All the Devils Are Here review – Eddie Marsan and Sam Claflin hole up in cottage-bound crime drama | Film

Can you trust your work colleagues? Perhaps not when they’re all hardened criminals and there’s a lot of money at stake. A quartet of robbers fresh from a heist hole up in a remote Dartmoor cottage in a grimy crime drama from music-video director Barnaby Roper, turning his hand successfully to feature films here.

The gang’s leader is Ronnie, played by Eddie Marsan, who unlike the others gets a voiceover, too, giving us a window into this veteran geezer’s thought processes. Marsan serves up the world-weary grit demanded by the character with aplomb; he can do this stuff in his sleep. More of a revelation is Sam Claflin, having an enormous amount of fun as a proper wildcard, the kind of loose cannon whose impulsive nature guarantees trouble. Claflin is more usually cast as a gentleman or dashing handsome hero and has played a posh version of this sort of character before, in The Riot Club; but he’s relishing the chance to work a rougher patch here.

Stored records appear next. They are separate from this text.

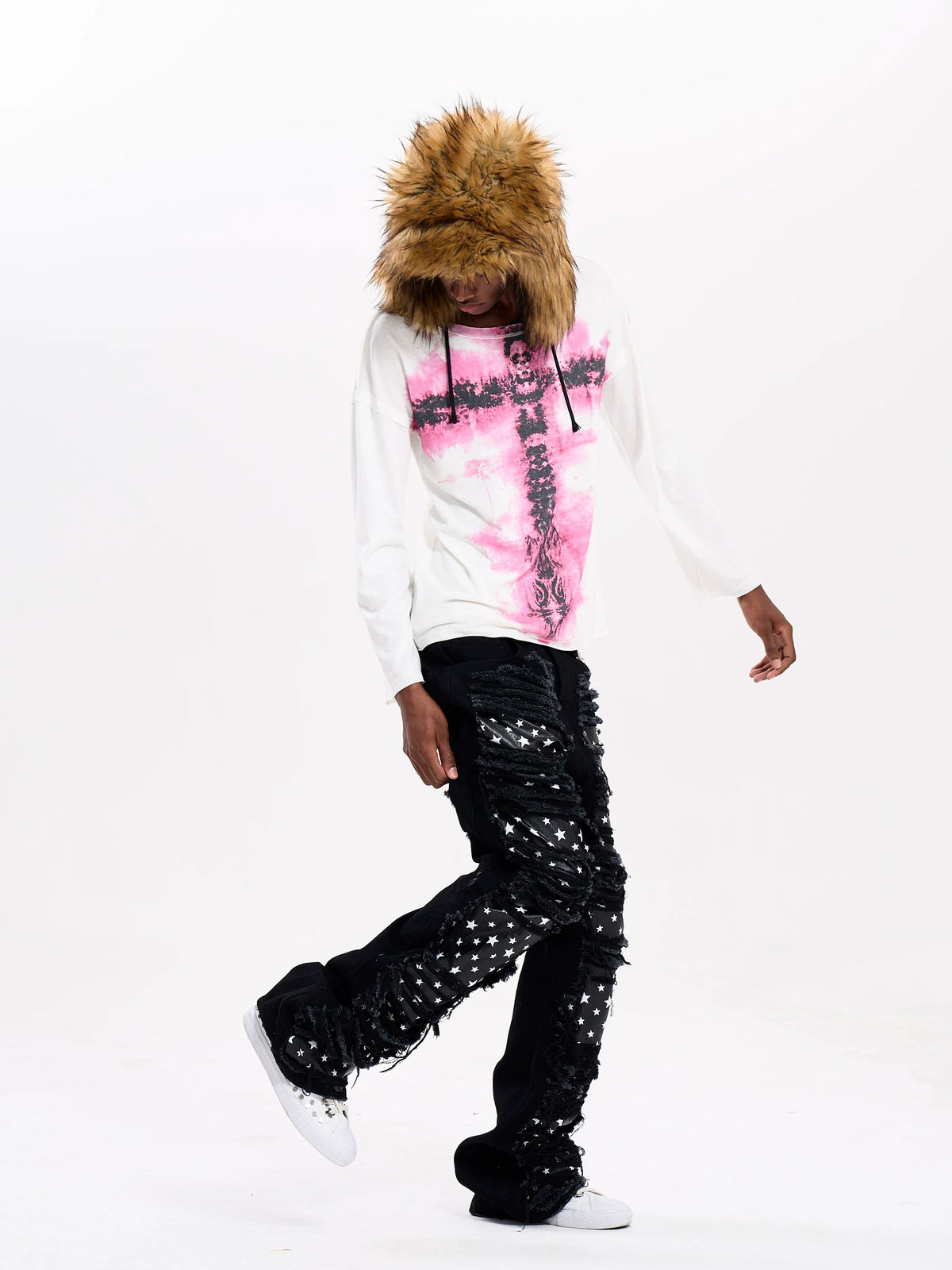 Fourth3ex Pink Cross Print Layered Long Sleeve Tee - full body side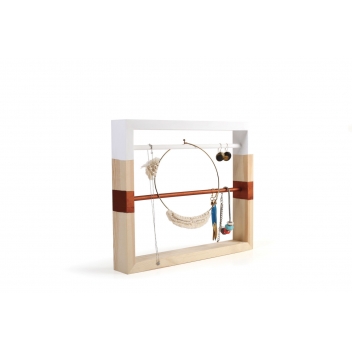 100220 - 3532431002201 - Graine créative - Porte-bijoux en bois 2 barres 30 cm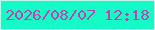 文字の大きさ：3、枠の色：c0f5ec、背景の色：15fbc7、文字の色：bb46ad 無料ブログパーツのブログ時計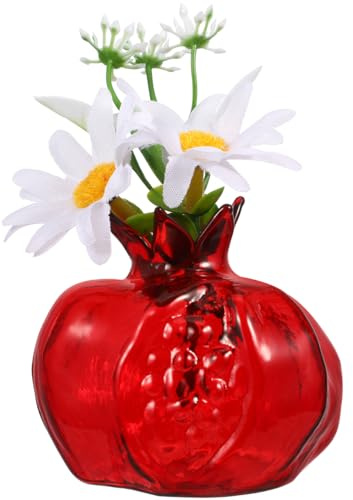 Ciieeo Red Glass Pomegranate Vase 2.76In Hydroponic Flower Container Decorative Table Centerpiece for Home Office Bedroom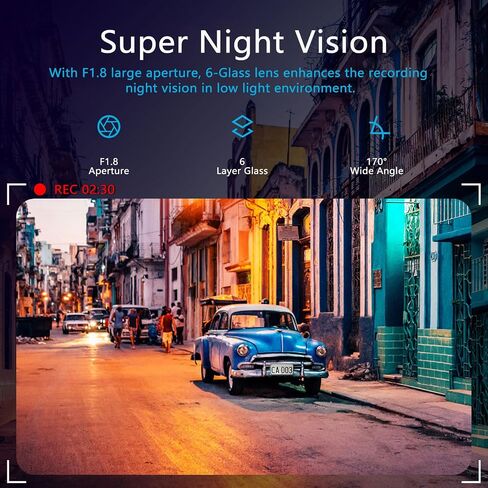 Dash Cam Front and Rear, 4K 1080p Dash Camera, Built-in Wi-Fi, Dual Channel Car Camera with Night Vision, G-Sensor, Loop Recording, WDR, 1.29" IPS Screen, 24H Parking Mode in Saudi Arabia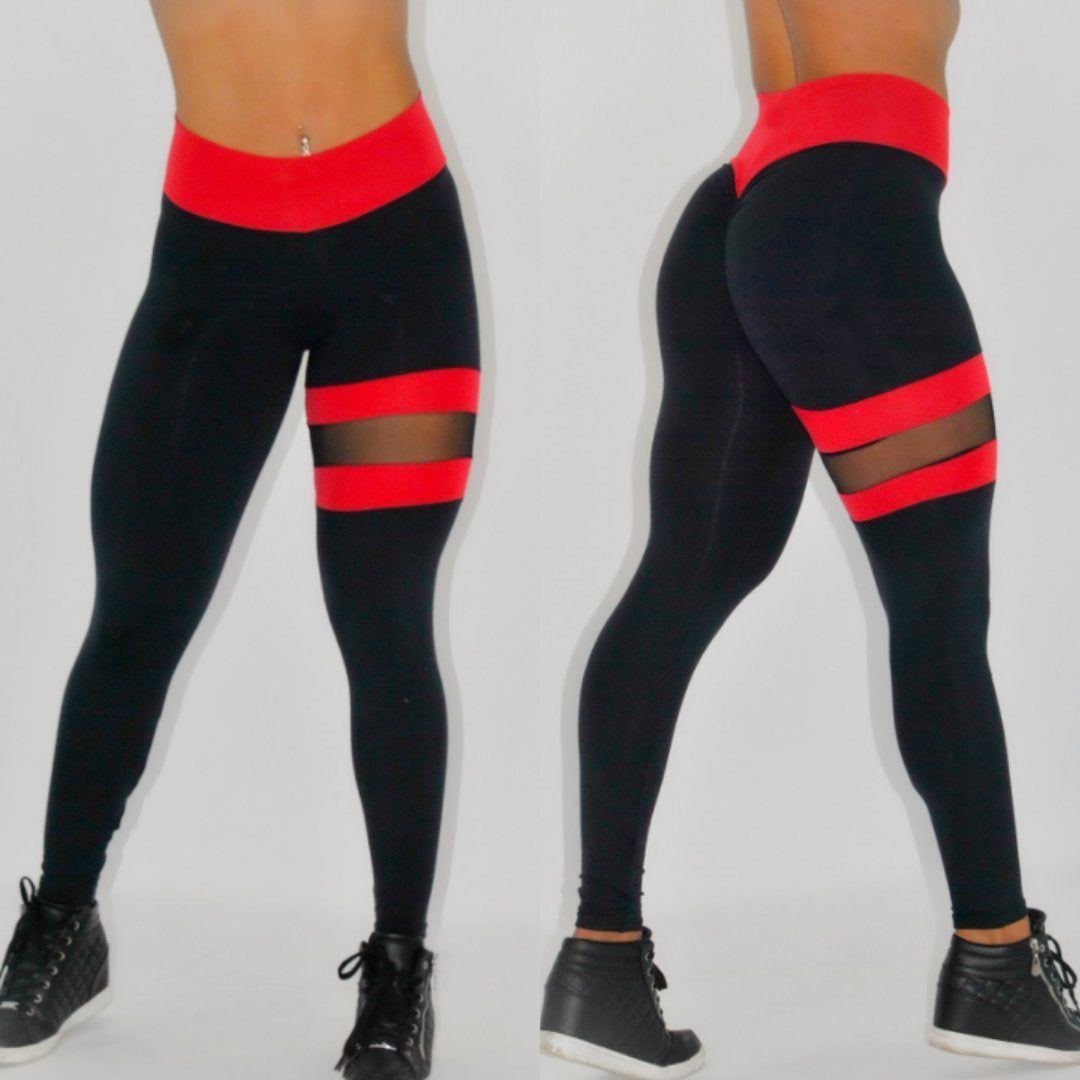 Thigh Double Ring Contrast Color Yoga Pants High Stretch Leggings - Jointcorp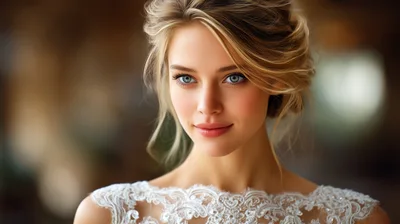 Portrait Of A Beautiful Bride In Lace Wedding Dress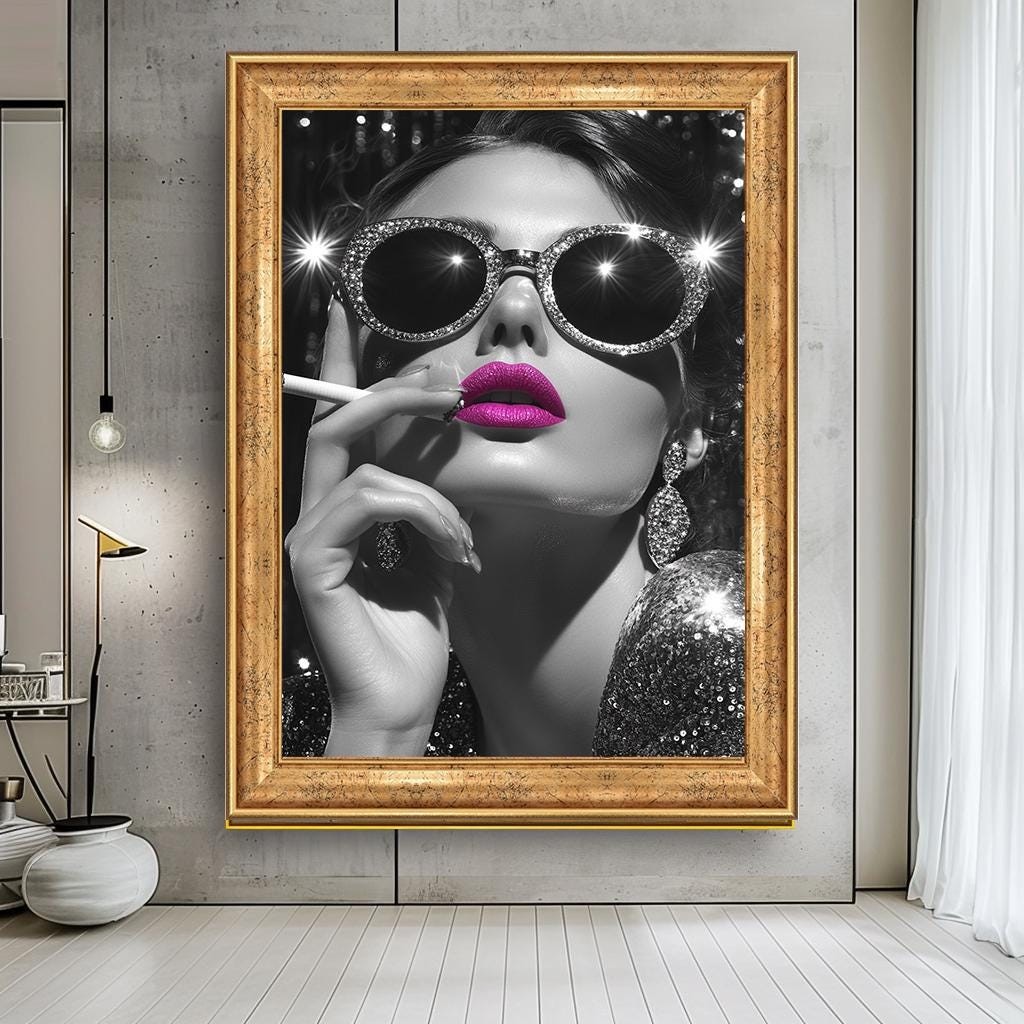 Glamorous Woman Wall Art with Pink Lips, Black and White Luxury Canvas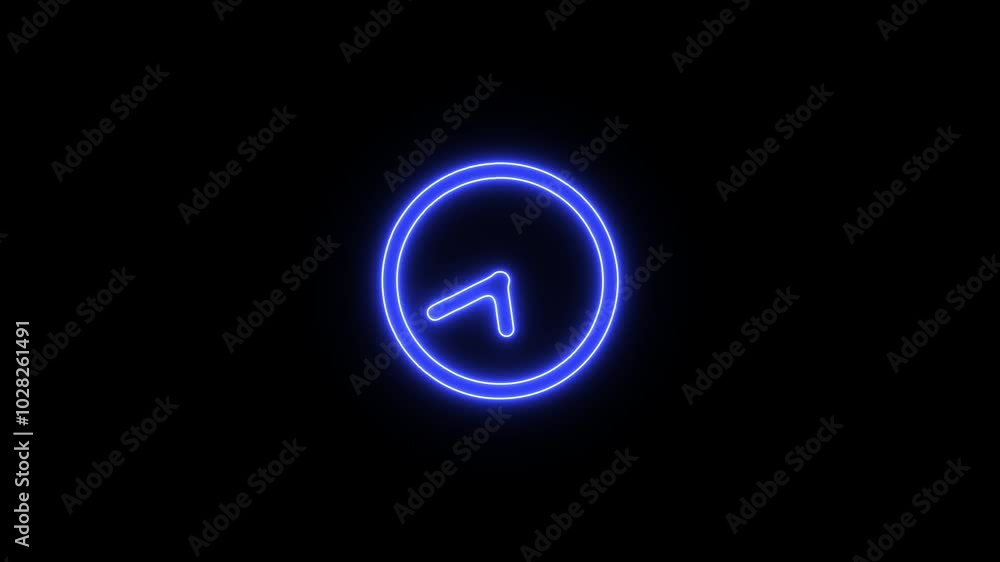 Glowing neon Clock icon, analog clock animated with isolated on black background. Glowing neon Clock icon, analog clock animated with isolated on black background.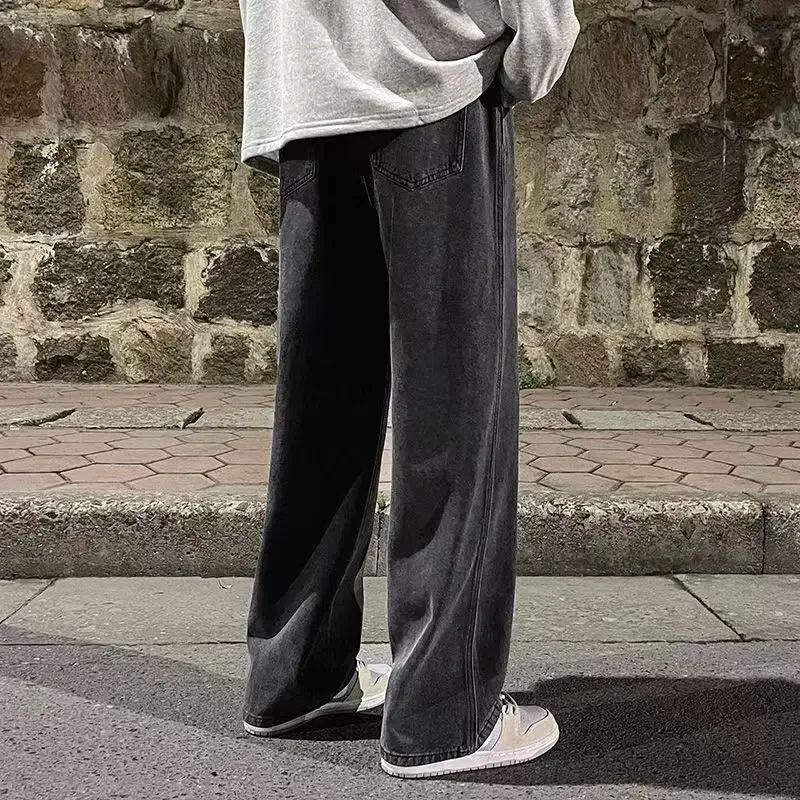 ストリート風ストレッチジーンズ メンズ デニム カーゴパンツ ウォッシュ加工 無地 マルチポケット カジュアル ミッドウエスト トラウザーズ スリムフィット デイリーウェア ジョガーパンツ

Torchwood’s Burn Gorman meanwhile turns in a splendidly oily performance as the accountant of the crew, while relative newcomer Tienne Simon in a quieter role gets a little lost by comparison. Perhaps Simon’s part is a shade underwritten in comparison to the others, but it doesn’t help that everyone is dialling it up to 11 as if they are trying to reach the back row of the main stage at the National Theatre. Indeed, much of the film unfolds like a kind of low-rent Harold Pinter play. Crime doesn’t pay, they say, and this low-key compelling chamber piece emphatically agrees.